Alors la femme prend le temps d’y penser. Dans le village, ça a alimenté les conversations pendant tout l’hiver, et c’est pas même fini. C’est fascinant comme les gens trouvent à dire quand il n’est justement rien à ajouter. « – Il paraît qu’elle va garder la ferme, disait l’un, – Et où que tu voudrais qu’elle aille, elle n’a personne », on répondait, et ainsi de suite. « – Et la ferme des Hubacs, où le Mahut s’est perdu le mois dernier, je croyais qu’elle y avait une tante. – A ce qu’on dit, ils se voient plus depuis la mort du père, il doit y avoir des questions de terre pas partagée comme il faut, ou bien c’est le temps qui est passé, tout simplement. » Les palabres comme ça, ça perdure, ça s’alimente tout seul, pas besoin même d’y mettre du sien. Le mieux est sans doute de s’y soustraire, quand on le peut. La dernière fois, la femme avait surpris la Tardieu, la plus grande gueule à cent lieues à la ronde, qui lui parlait dans le dos, ça lui avait montré. Ils pouvaient bien aller se faire foutre, et retour au silence et à la neige.

Alors depuis, elle répugne à retourner au village plus que nécessaire, forcément. C’est pas plus mal, pense-t-elle, j’avais jamais trop pu les sentir, tout mielleux à se pavaner en costume de deuil. La compassion pas chère, ça lasse. Et quelle tristesse, pense-t-elle, quelle tristesse au juste pourrais-je bien leur donner ?

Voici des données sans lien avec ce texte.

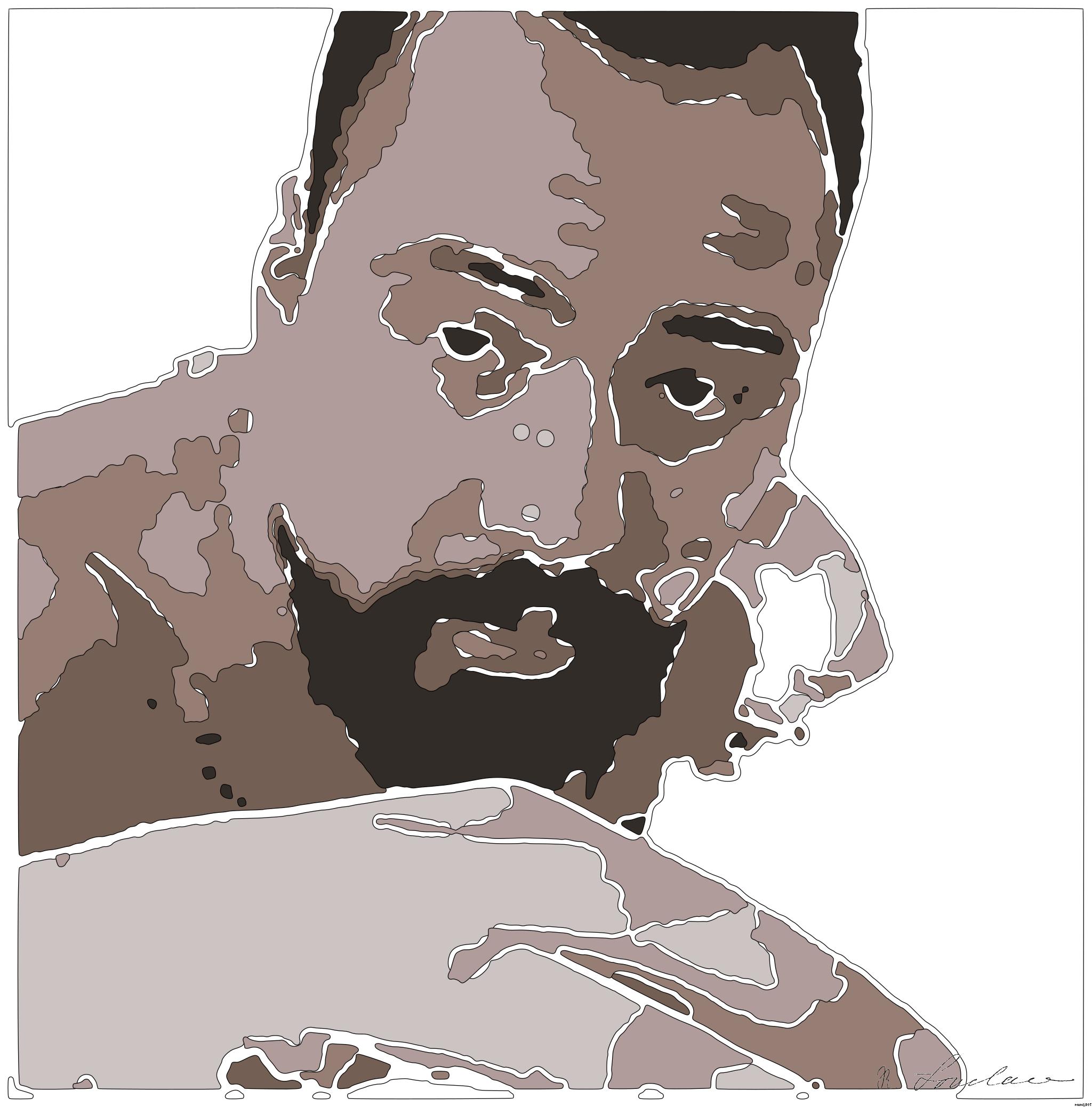 artwork for redditgetsdrawnbybot AI Art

Alors ses songes glissent vers lui, l’homme, sa main ferme, ses épaules de buffle, son menton et son ventre énorme, proverbial d’ici jusqu’au col de Bauzon. « Elle est grosse de six mois et pas encore aussi grosse que le Justin », disaient les gens. Il était là, il n’était plus là : ce qui change c’est le vide. On pense que le vide ça se dompte, ça s’apprivoise, avec de la patience et un brin de jugeote. Mais la jugeote c’est comme les loups, elle ne peut rien contre le silence, surtout à l’heure où la neige fait s’éteindre les lampes. A cette heure du jour qui ne l’est plus vraiment, c’est tout juste si le cœur trouve les ressources pour battre. Les choses qui étaient là pour l’aider dans sa besogne ne peuvent plus lui rappeler le ron-ron de l’existence et lui laisse libre cours, et rien n’est plus vide que la liberté lorsqu’elle vous tombe dessus par inadvertance.

Alors elle plonge ses yeux dans l’âtre, et devine dans quelle direction vont partir les étincelles. Ca ressemble aux bouffées de poussière et de blé qui volent sur la route entre juin et juillet. Et où peut-elle bien aller, la voiture qui part de Langogne à six heures et passe au bas pré de Champel à neuf heures quinze ? Il semble que ses occupants sont toujours les mêmes, mais que le cocher a une allure chaque fois plus distante. On jurerait qu’il regarde systématiquement dans la direction de la ferme, à mesure qu’il fait se soulever le chemin sous ses roues. Au col après le virage, c’est la ligne de partage des eaux. C’est le curé qui l’a dit, il tient ça du fils Benoît, qui a quitté le pays pour étudier, on dit qu’il a trouvé du travail à Lyon ou à Valence, elle ne sait plus vraiment. Les eaux qui se partagent, c’est presque comme dans la Bible, avec la certitude que c’est pour de vrai. Au printemps cinquante-deux, alors qu’elle n’avait pas cinq ans, on avait retrouvé un étranger dans les gorges de la Borne. Avant de le mettre en terre, il avait fallu lui refermer le crâne, pour que sa cervelle ne s’échappe pas. Quelle idée d’aller mourir dans la Borne ! Elle est froide comme la mort, même en plein mois d’août, même pas poissonneuse, et il faut y faire attention aux roches qui s’y viennent rouler depuis le haut du vallon. C’est aussi encaissé qu’ici, et l’hiver, il n’y a que deux personnes qui restent, encore on ne sait pas exactement ce qu’ils y fabriquent.

Alors quand le feu finit et que la braise se fait cendre, qu’il n’y a plus nulle part où trouver de la chaleur, elle se pelotonne dans une grande pelisse, et elle s’écoute respirer. Elle songe qu’elle pourrait se mettre à fumer, de ces petits nuages qu’elle voyait s’échapper de la pipe du Justin. Elle aimait les regarder se fondre dans le silence.

Alors, dans la lourdeur du temps qui passe, son esprit vogue négligemment mais très sereinement vers les pays au delà du col, les pays où elle n’ira pas, les pays, surtout, où certains disent que les hommes n’existent pas.